Mobile revolution ‘is making disabled people more appealing as employees’

The mobile computing revolution is helping to make disabled people more “appealing” to potential employers, as well as to providers of goods and services, according to a leading disabled telecommunications analyst.

In a new report, Digitising the Disabled Billion: Accessibility gets Personal, Chris Lewis says the technology is “increasingly available” to draw a “significant proportion” of the world’s estimated population of one billion disabled people into the “digital age”.

He says that the “explosion” of mobile and laptop-based applications, combined with some specialist equipment, has made accessing business systems easier.

His report says: “As the sophistication of accessible design permeates through the majority of personal and business applications, the value of that disabled person in the company increases.

“Consequently, barriers to using all of the facilities and systems, and communicating and interacting with fellow colleagues, suppliers and customers, decrease dramatically.”
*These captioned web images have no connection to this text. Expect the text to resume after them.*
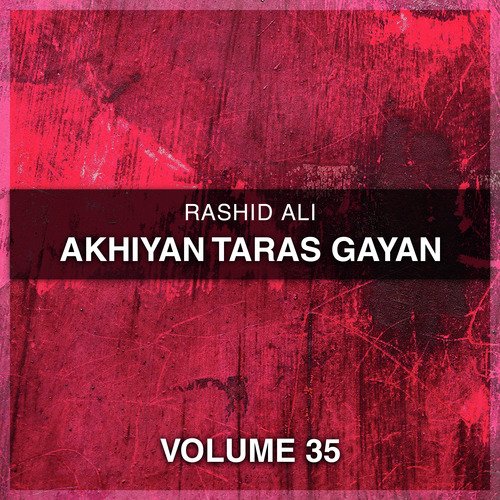 Akhiyan Taras Gayan, Vol. 35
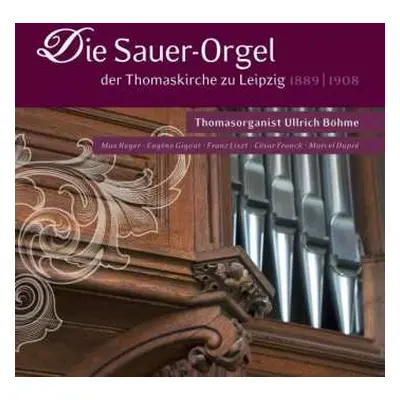 SACD César Franck: Die Sauer Orgel der Thomaskirche zu Leipzig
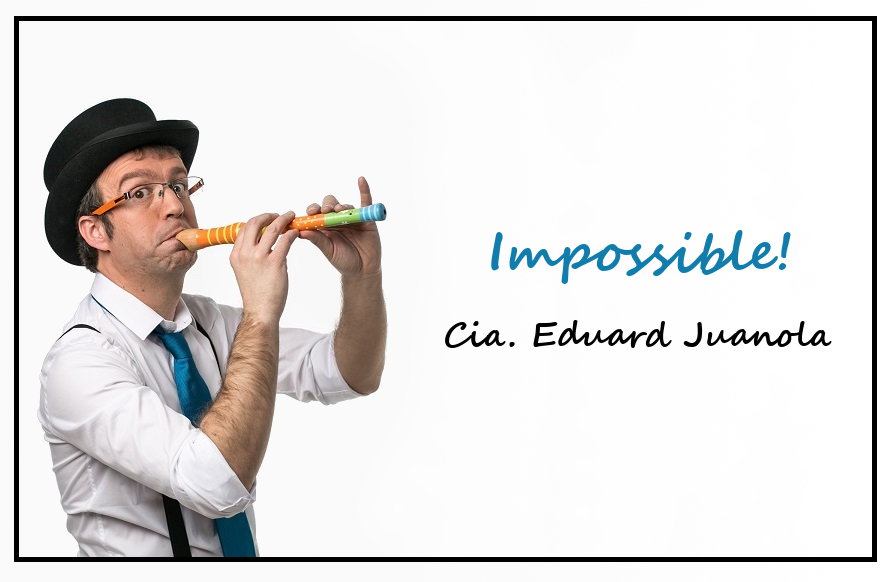 Eduard Juanola, Màgia i Il·lusions-Impossible!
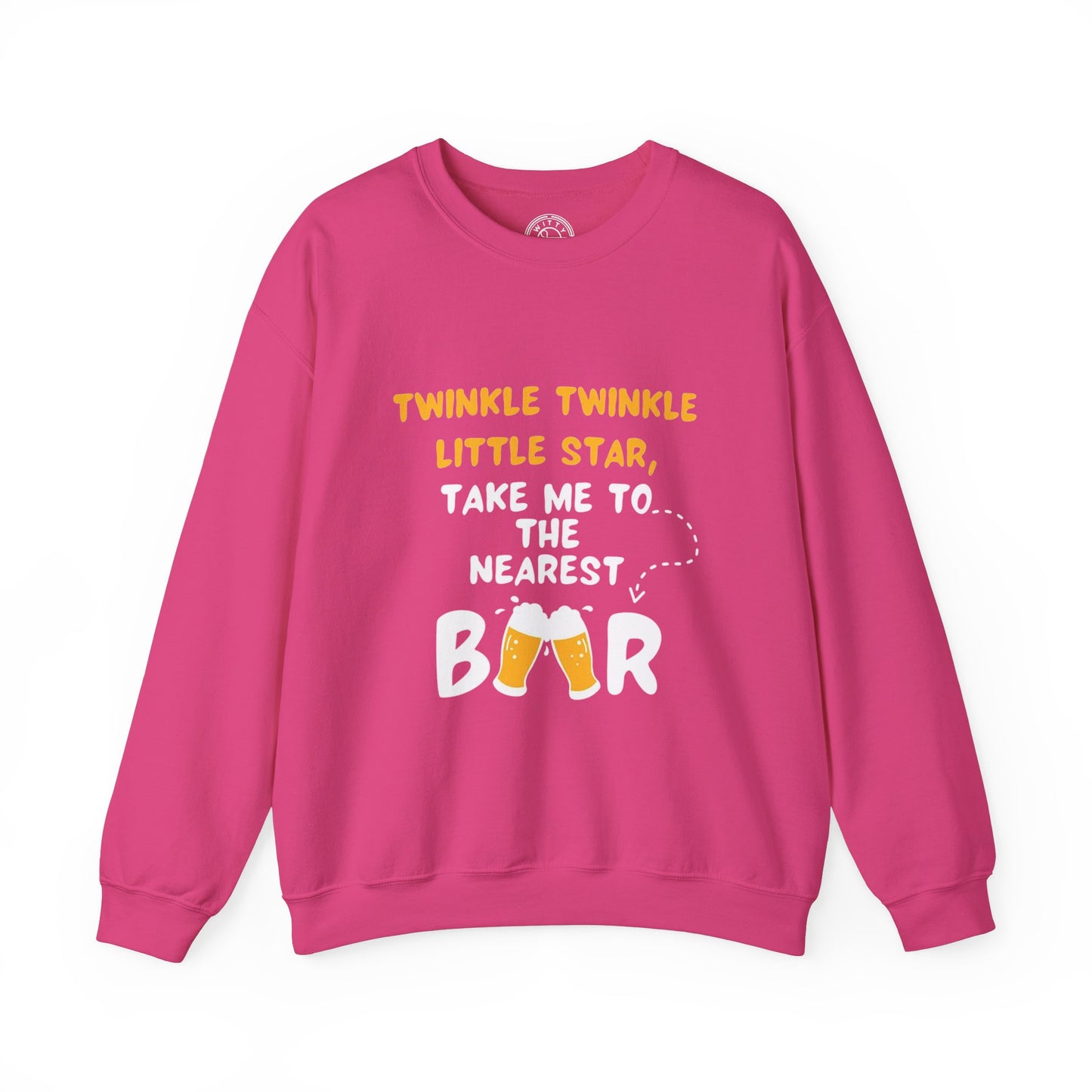 Twinkle Twinkle litter star take me to the nearest bar - Sweatshirt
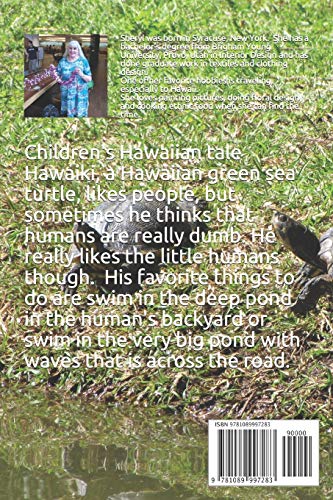 Hawaiki, the honu, a tale of a Hawaiian green sea turtle,Used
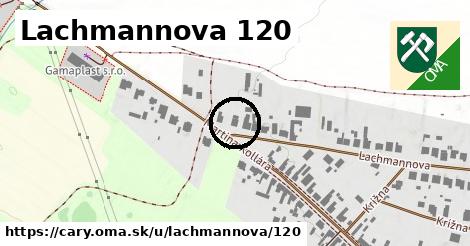 Lachmannova 120, Čáry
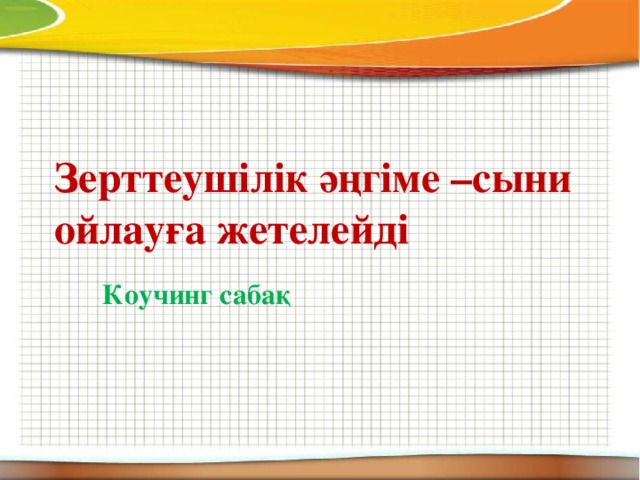 Зерттеушілік әңгіме –сыни ойлауға жетелейді Коучинг сабақ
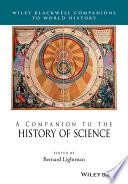 A companion to the history of science /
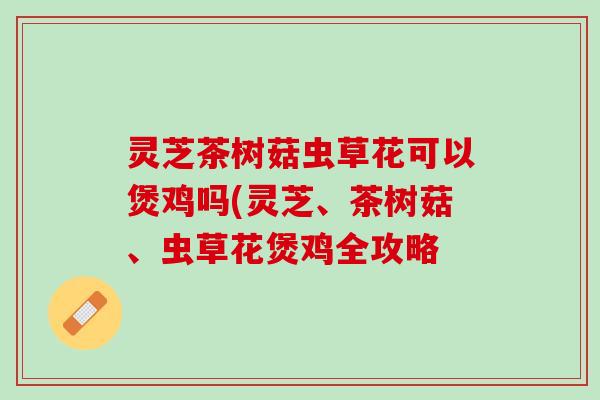 灵芝茶树菇虫草花可以煲鸡吗(灵芝、茶树菇、虫草花煲鸡全攻略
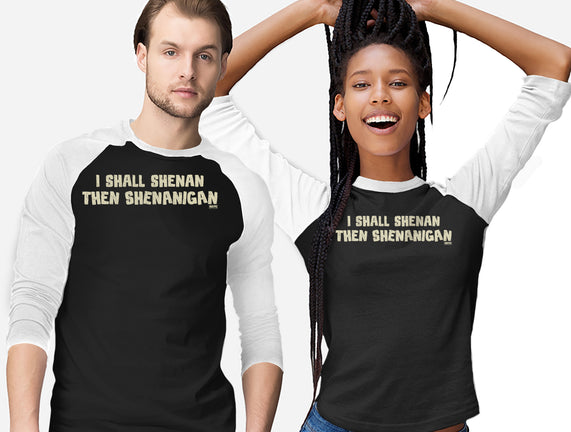 I Shall Shenan Then Shenanigan
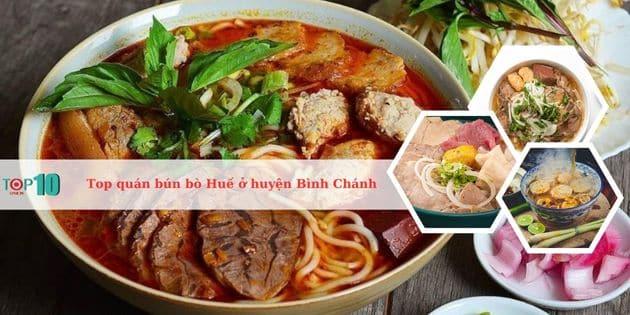 10 địa chỉ bún bò Huế Bình Chánh đáng thử nhất: Hương vị Huế chuẩn vị, giá cả hợp lý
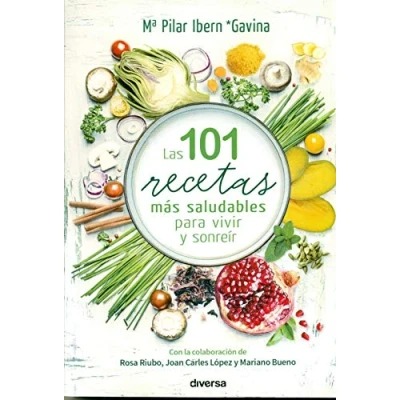 Imagen de Las 101 recetas más saludables para vivir y sonreír (Cocina natural)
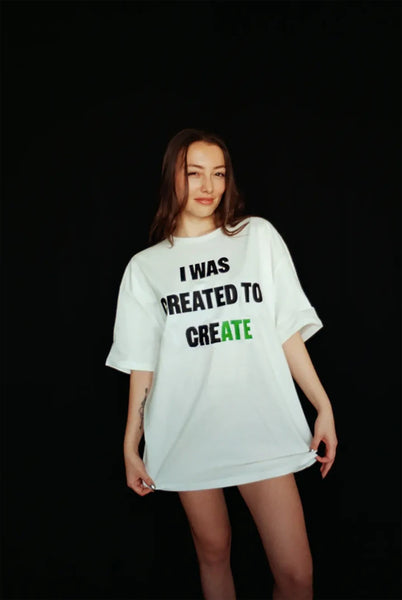 I WAS CREATED TO CREATE Oversize T-shirt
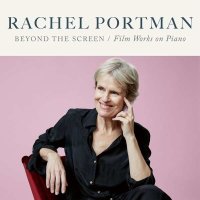 Rachel Portman: Beyond the Screen-Film Works on Piano -...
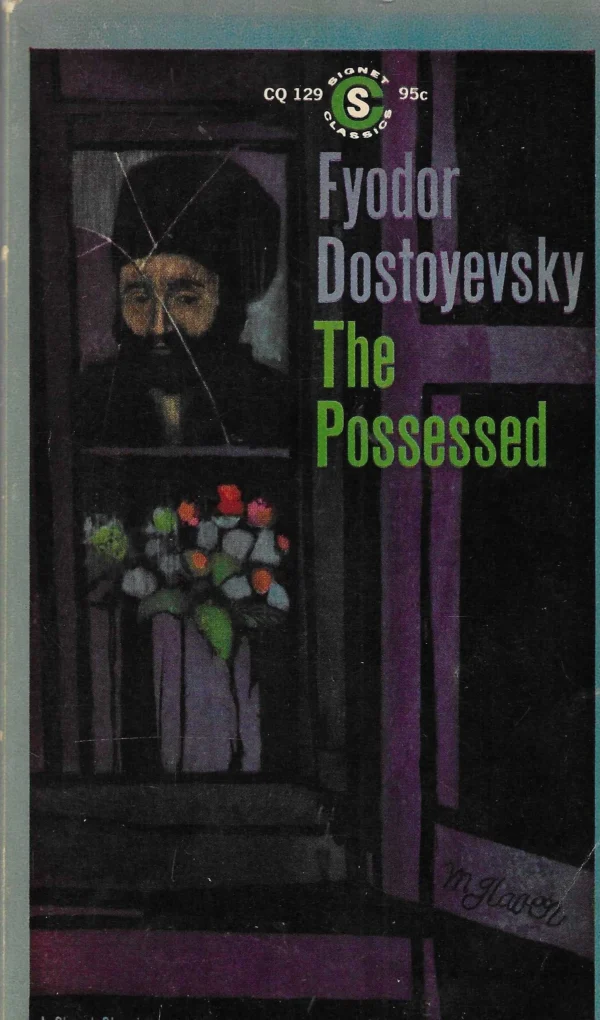 Fyodor Dostoyevsky: The Possessed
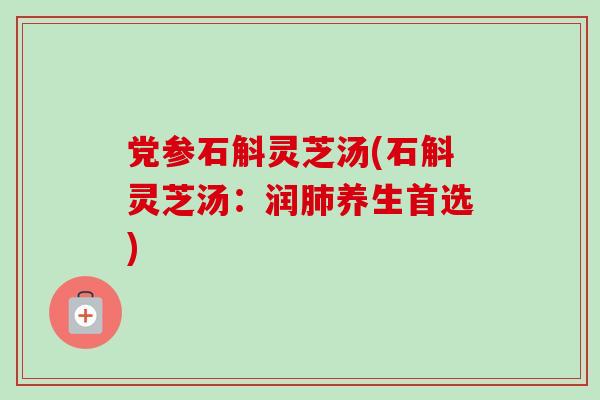 党参石斛灵芝汤(石斛灵芝汤：润养生首选)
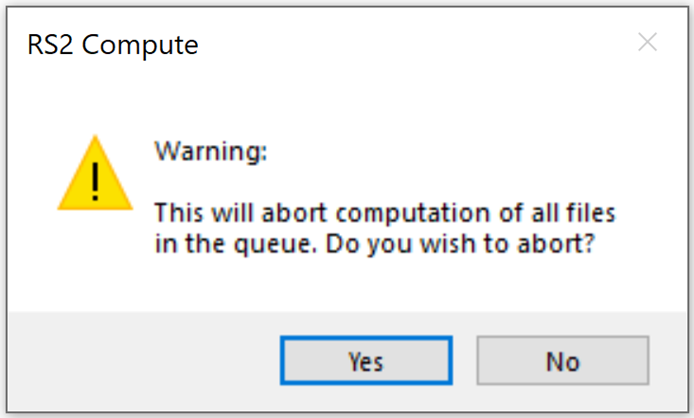 RS2 Compute abort warning dialog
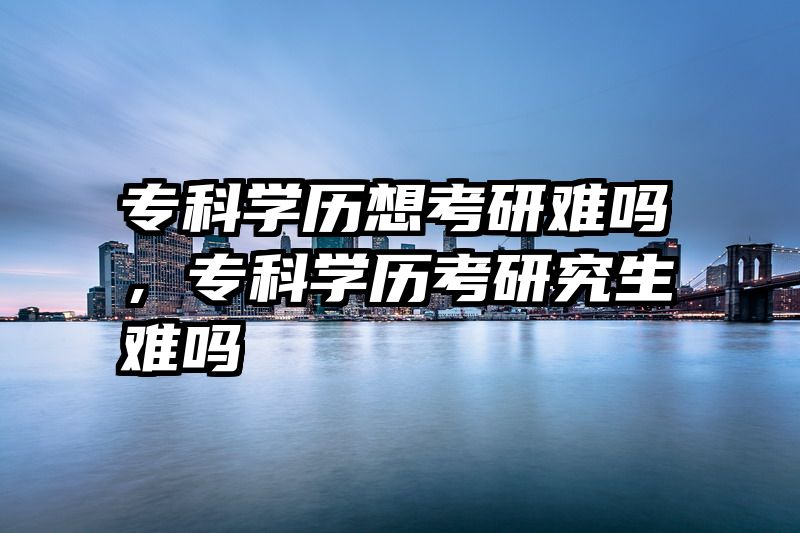 专科学历想考研难吗,专科学历考研究生难吗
Lewis says in the report that disabled people will increasingly use their mobile devices and apps to “help live their daily lives”, just as other people do, with apps becoming accessible as companies “build accessibility” into their mobile devices.

He adds: “Mainstream apps will become accessible, and specialist apps focused on specialist needs of disabilities will be developed to top up the existing digital life styles.”

Lewis says in his report that the “age of assistive equipment costing tens of thousands of dollars” has mostly been replaced by “algorithms designed to interpret images, sounds and gestures (but perhaps not yet brainwaves)… as academia gets closer to mimicking the human”.

And he says: “If a car can have hundreds of sensors helping it drive around successfully, why can’t I, as a visually-disabled person, have a similar level of sensor-based help to help me navigate my way through life?”

The market in equipment and apps has “accelerated” in the last few years, according to his report, pointing to how someone who is paraplegic can now fly a drone around their garden “through the eye movement captured by a set of goggles”, while virtual reality headsets allow someone to “virtually feel a product created in front of them”.

“Fundamentally,” the report says, “technology in many forms is allowing sensory replacement for both input and output from a disabled person.”

Lewis, who is blind, says the development of the smartphone has changed his life, giving him access to “a wealth of services”.

His report says innovation is now coming from “a much wider range of sources”, with companies often developing “disability oriented solutions alongside mainstream ones” without the need for any “special encouragement”, while it adds: “We are also beginning to see the disabled community itself producing apps appropriate for their peers.”

Mainstream apps are becoming increasingly accessible, says the report, and are “literally life changing, as people get access to services hitherto completely out of reach to different disability groups”.

Lewis adds: “A simple but powerful example would be the ability for me, as a blind person, to hail a cab from my smartphone where I was previously unable to do so from the pavement.”

Discussions with technology companies and disability organisations, as well as polling of disabled people for the report had shown that “momentum is building within different disabled communities to seek to learn the benefits and ways of joining in the digital economy”.

Lewis, the founder and chief executive of Lewis Insight, warns that – although the technology is increasingly available at an affordable price – it will be vital to provide the right training and education.

His report is the second in a series sponsored by the Spanish telecommunications giant Telefonica on how disabled people can use accessible technology to improve their lives.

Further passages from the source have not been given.